Budgetary restrictions across the EU are threatening the sustainability of the European social welfare model as a whole, and make it even more important to achieve cost-effectiveness in the use of resources in health systems and its deliverables. In fact, the sizeable share of public money that is devoted to health and the ever-increasing cost pressures and demands to cut public expenditure, put health systems at the heart of many policy debates. In particular, challenges are multiple because of the medical, social and economic impacts of chronic disabling conditions. Together, these emphasize the need for an ambitious patient-empowering research policy and a cross-cutting, multidisciplinary approach to brain disorders.
Covering a range of mental and neurological disorders, the EBC Value of Treatment study examined health gains and socio-economic impacts resulting from best health interventions (pharmacological and psychosocial) in comparison with current care, or – in some cases – comparison with no treatment at all. Care pathways were mapped for each specific disorder along the whole care process from prevention, prodromal, early diagnosis to disease management in order to identify the major unmet needs and causes for treatment gaps (both those needing research and better evidence to inform treatment decisions and those needing better organization of services).
The following research questions were addressed to examine the best options for optimizing research and care for brain disorders:
■ What is the scale of current unmet needs in health care in Europe? What is the size of so-called “treatment gaps”, not only within the provision of medicines and medical devices, but also within health care systems and services? Considering obstacles such as misdiagnosis, delayed treatment, inadequate treatment, limited access to care due to country healthcare infrastructure or unaffordable access to care and pricing including therapies, reimbursement and social safety net cutbacks5… and non-adherence. What are the socio-economic benefits of targeting these gaps (e.g. avoidable costs…)? What have we learned from the “Patient Journey” or the patient care pathway analysis? What about the potential benefits of seamless, coordinated care combining effective team care and patient-centred care planning?
■ What is the added value of the Value of Treatment study? What are the new research developments in early intervention to improve [primary and secondary] prevention and treatment, knowing that, as of today, there is no cure?

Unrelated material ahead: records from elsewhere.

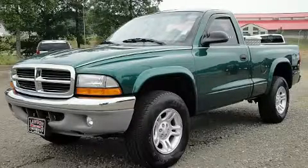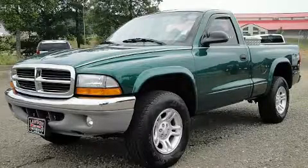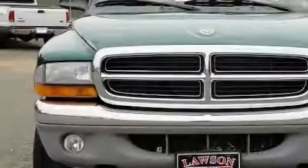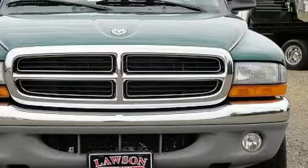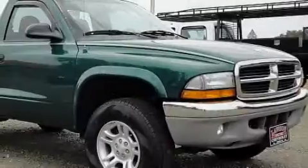This is a 2004 Dodge Dakota. It has the power to move what you need and the look too. It has a 3.7 liter 6-cylinder engine, an automatic transmission, and 4-wheel drive.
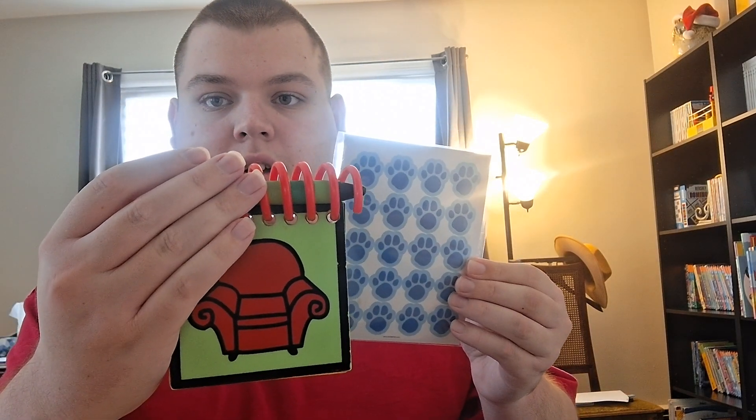That's why I'm going to be putting one of these paw prints onto the Steve Notebook for one of these episodes, which I'm going to show you later on.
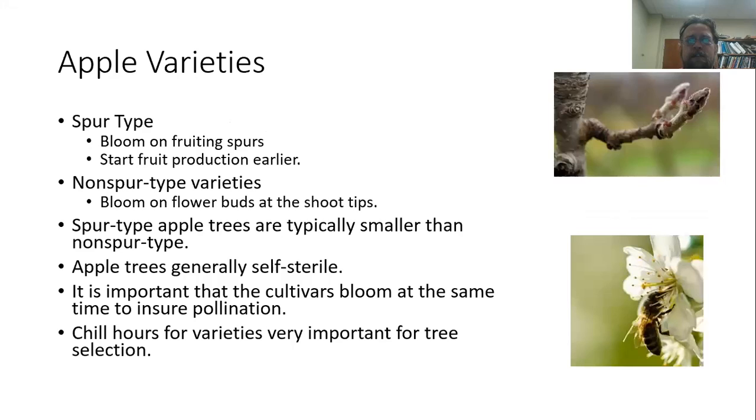We can group apple varieties into spur-type and non-spur-type apples. Spur-type have spurs — they bloom on those fruiting spurs, tend to start production a little bit earlier, and tend to be a little bit smaller. Non-spur types bloom on flower buds at the shoot tips. Apple trees are generally self-sterile, so you have to have more than one variety of apple tree to ensure good production. They are primarily pollinated by bees and have gorgeous white flowers — a really attractive tree with great ornamental value as well as for the fruit they produce. When selecting varieties of apples, make sure not only that they suit your chill hour requirement, but also that they bloom at the same time, since selecting those varieties for bloom timing is really important for cross-pollination.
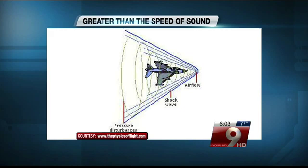That boom follows the plane as long as it stays supersonic. If a plane's at 30,000 feet, the boom can have a footprint 30 miles wide.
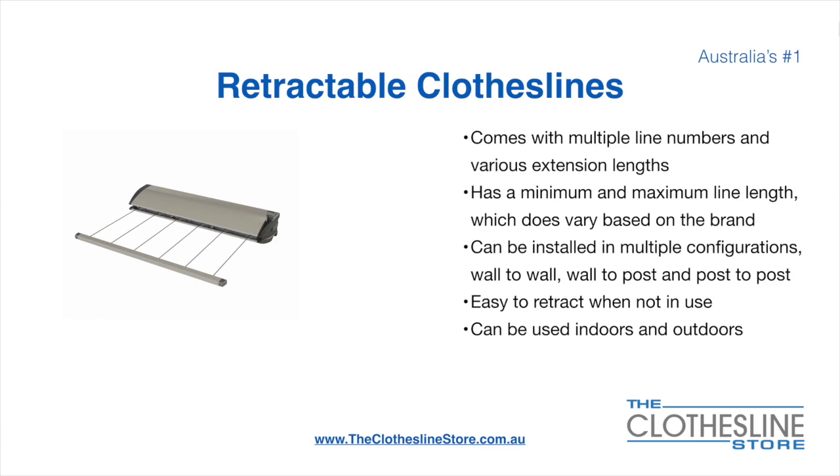Retractable clotheslines come in a multitude of line numbers and various extension lengths. They have a minimum and a maximum line length which does vary based on the brand. There's a lot more information on this at The Clothesline Store. They can be installed in a multitude of configurations which include wall-to-wall, wall-to-post, and post-to-post. They are very easy to retract when not in use and can be used indoors and outdoors.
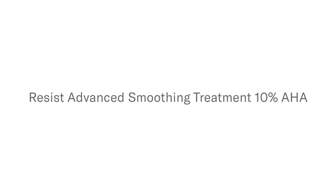I'm excited to tell you about my new Resist Advanced Smoothing Treatment with 10% AHA. What makes it new and different is we mix together different types of alpha hydroxy acids.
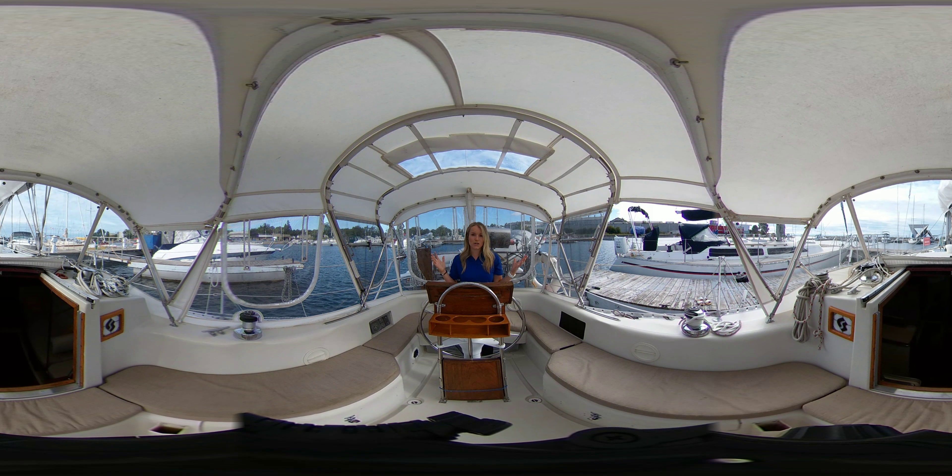So now we're standing up here in the cockpit area. As you can see, there's tons of seating. One thing I really love is this full enclosure up here.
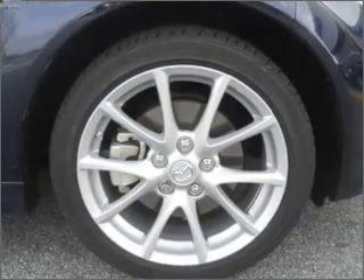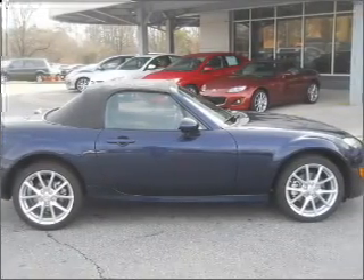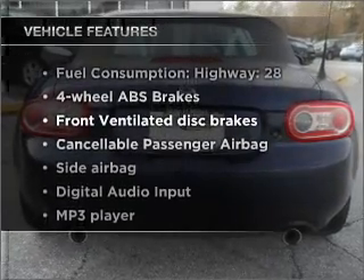With an efficient four-cylinder engine that responds smoothly to its six-speed automatic transmission, premium wheels lend a distinctive appearance. You will appreciate the safety feature of anti-lock brakes. Plus, enjoy these notable features that are included in this vehicle.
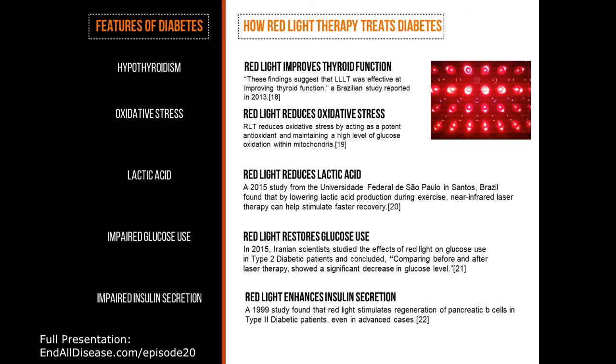And there you go. All five of those features of diabetes can be restored and corrected using red light therapy.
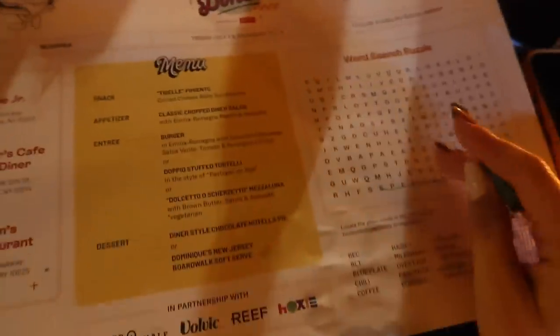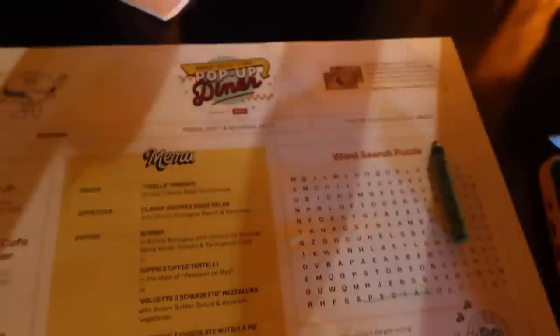We're here at the diner with Margo — so cute! Apparently this is the first night of it. It's like a swanky diner. They gave us crayons and word searches. We both found one word but it's really challenging — it's an adult word search for sure!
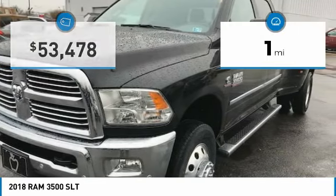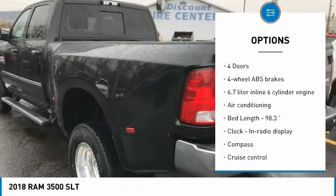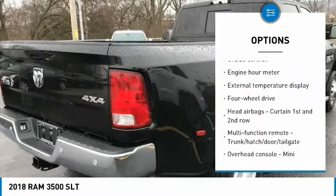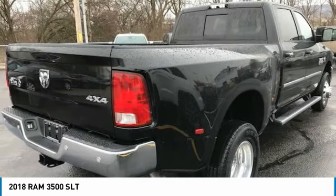This vehicle has less than 100 miles. Here are some of this vehicle's great options: Stability Control, Traction Control, Passenger Airbag, Air Conditioning, Cruise Control, Compass, Power Windows, Remote Power Door Locks, Trip Computer, and Tachometer.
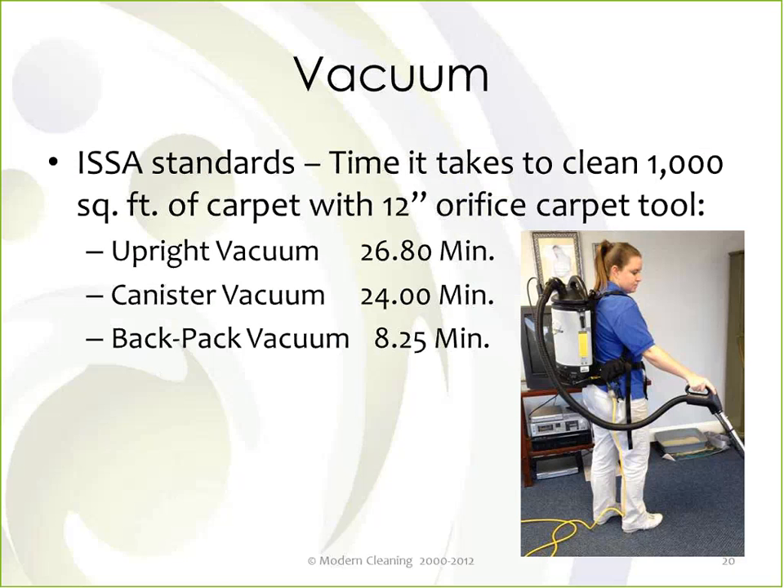Vacuums are another opportunity to reduce labor content and improve productivity. ISSA has published work standards with allowed times for all different types of cleaning tools, including detailed treatment of all different types of vacuum cleaners. Their studies suggest that to vacuum 1,000 square feet of carpet with a vacuum cleaner that has a 12-inch orifice opening, it would take almost 27 minutes with an upright vacuum, 24 minutes with a canister vacuum, but just over 8.5 minutes with a backpack vacuum.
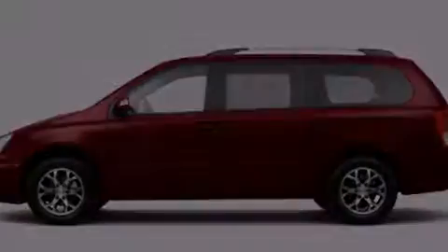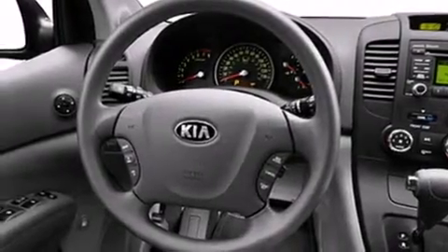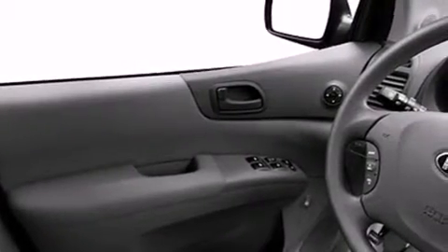All of the following features are included: a built-in iPod integration cable, air conditioning, cruise control, a CD player, and front side impact airbags.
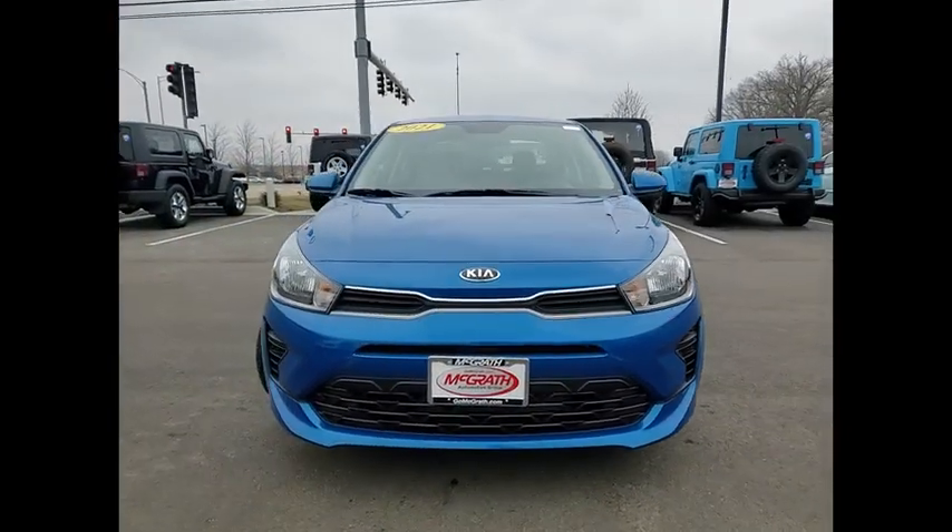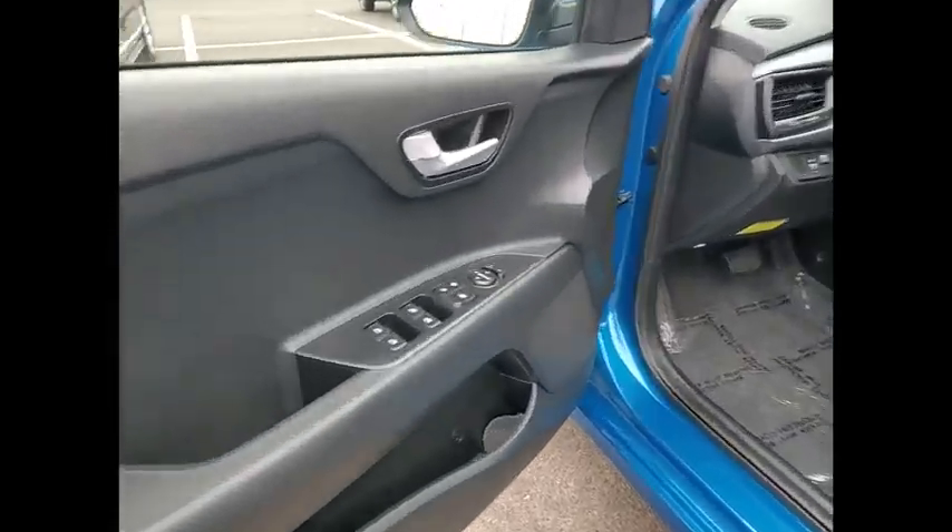Take this vehicle for a spin and see why so many shoppers are now proud owners.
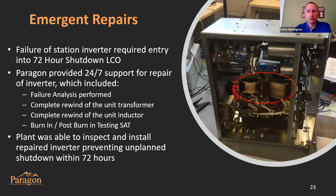Paragon is frequently requested to provide around-the-clock support. In this case, the station was in a 72-hour LCO due to a failure of a 120-volt, 60-hertz inverter. The inverter was couriered to Paragon where we performed failure analysis and determined that a custom transformer and inductor had overheated and burned up to the point of causing a short within the system. Because of Paragon's unique capabilities and expertise, we were able to rewind both the transformer and inductor in short order, along with repairing and refurbishing the rest of the assembly within 72 hours, preventing the unplanned shutdown.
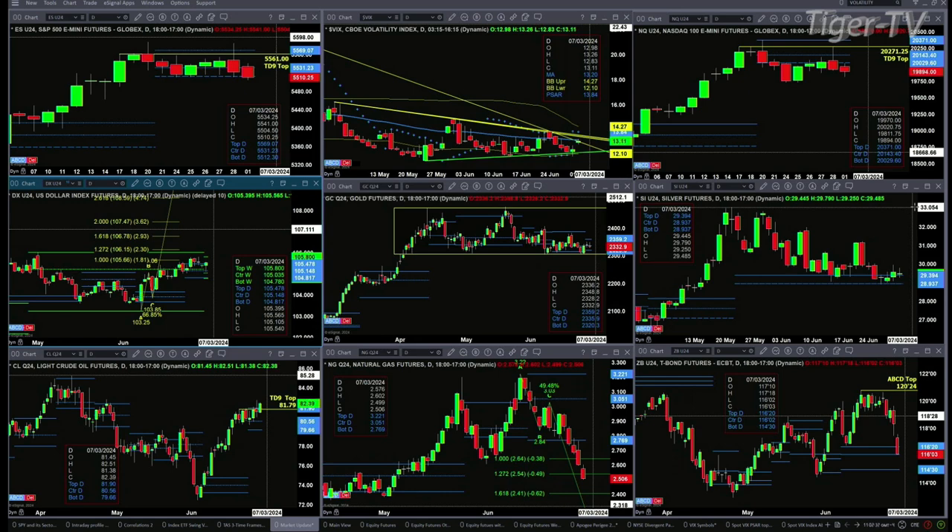Light sweet crude looks like it's going to negate a TD Nine count top today — that says crude oil continues to head higher. Natural gas is testing, possibly below its TD Nine count breakout level of support. The 30-year treasury needs to hold the level at 116.02 — if it doesn't, we're heading to 114.30. Folks, stay tuned for the Trader's Ed Show and have a terrific day.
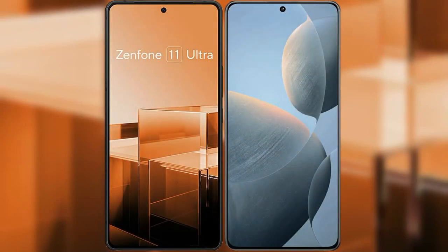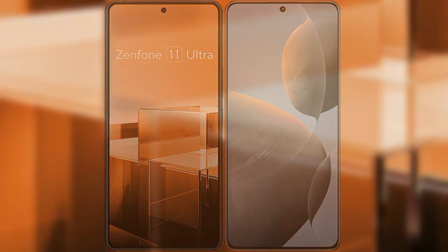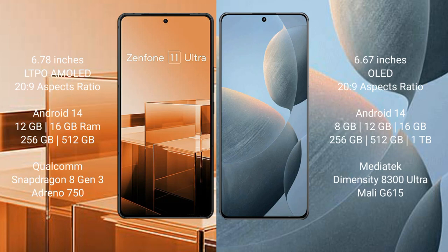I will compare the new Asus Zenfone 11 Ultra with Redmi KS70E. Asus Zenfone 11 Ultra comes with a 6.78-inch LTPO AMOLED display and Corning Gorilla Glass protection. Redmi KS70E comes with a 6.67-inch OLED display and Corning Gorilla Glass protection.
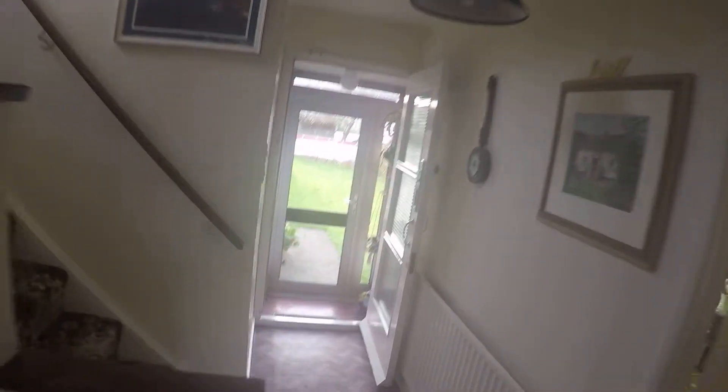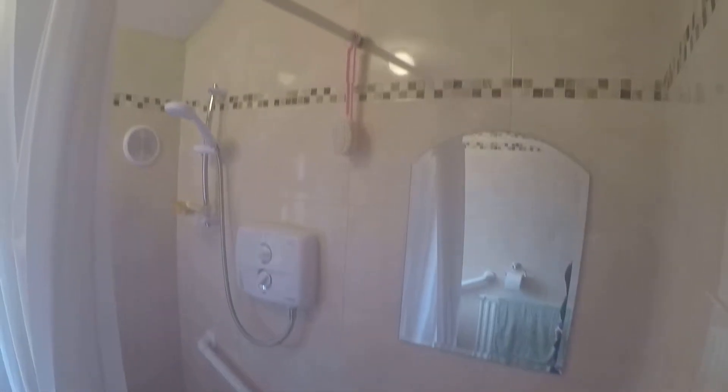Now let's go upstairs. So you come up the steps and you've got the bedrooms. This over here is the landlord's bedroom, and you've got bedroom number three, two, and one. And here's the bathroom — you've got an electric shower.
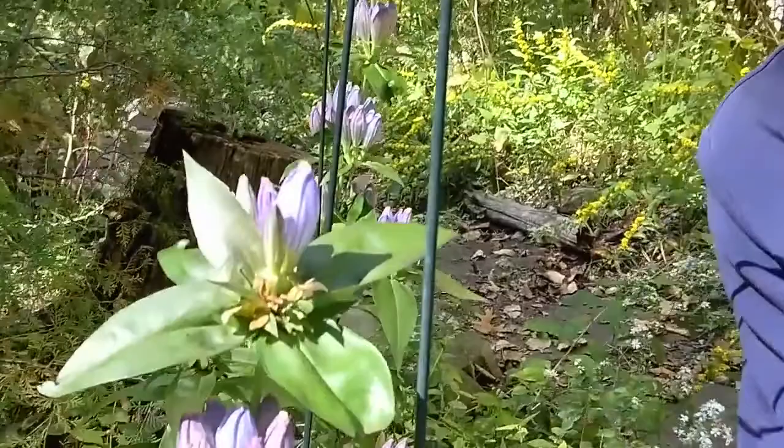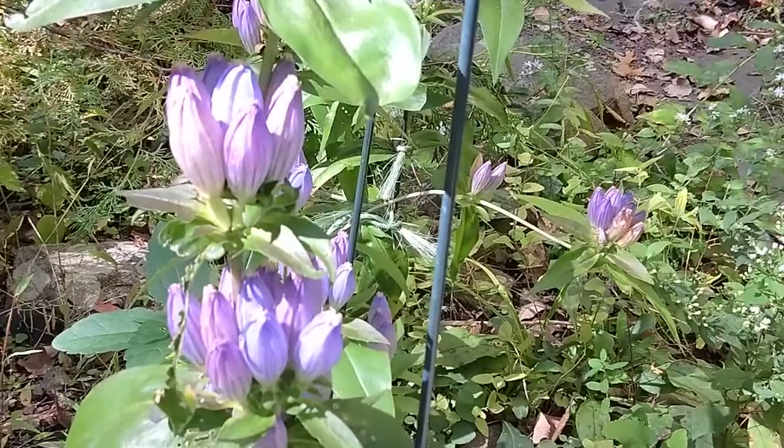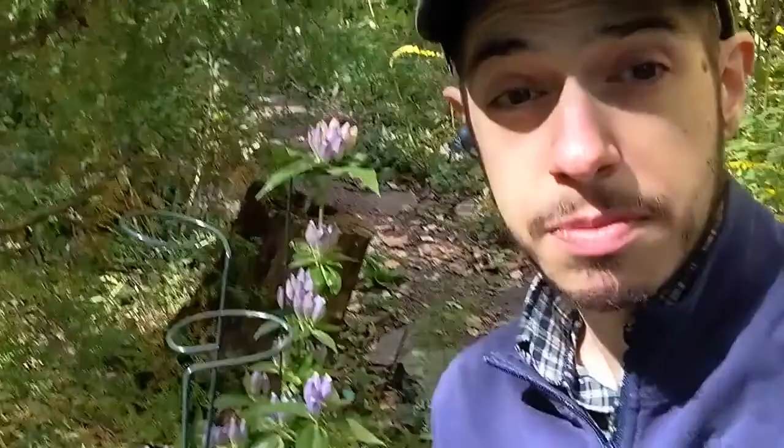This is the closed or bottle gentian. It got that name because its flower while in full bloom actually has all the petals closed, as you can see right here. This is a plant that is ready to be pollinated and looking for wonderful insect visitors. Because this plant's flower is closed, it requires a very strong pollination partner in order to get to the pollen that's held inside that flower.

■ How can we ensure that evidence built from robust research can have an impact on policy? What are the priorities for policy making in the current context of health systems reforms (articulating their impact investment social return) while continuing in investing in health (“health is wealth”) and legislation implementation? There is still no cure for most brain disorders; hence, it is necessary to focus on risk reduction, preclinical and early detection and diagnosis, and timely intervention. Primary and secondary prevention strategies remain essential (available diagnostic tools for neurological disorders and routine mental health screening). More research is needed to understand the causes but also the progression of brain disorders and to develop new treatments that do not only symptomatically improve the condition but may modify, i.e. slow down, or even stop their course.
Early detection and intervention with the necessary psychosocial support is also crucial to reduce stigmatization and fear of disclosure.
The solutions proposed by VoT experts are clearly identified. Results from the case studies provide important new insights into recent progress in the areas of pharmacology and biopsychosocial approach, as well as in relation to healthcare services delivery, continuous care and care networks.
The case studies results highlight the need for implementation of evidence-based guidelines that emphasize cost-effective, coordinated healthcare interventions in order to develop better prevention and timely treatment— “Brain: time matters”.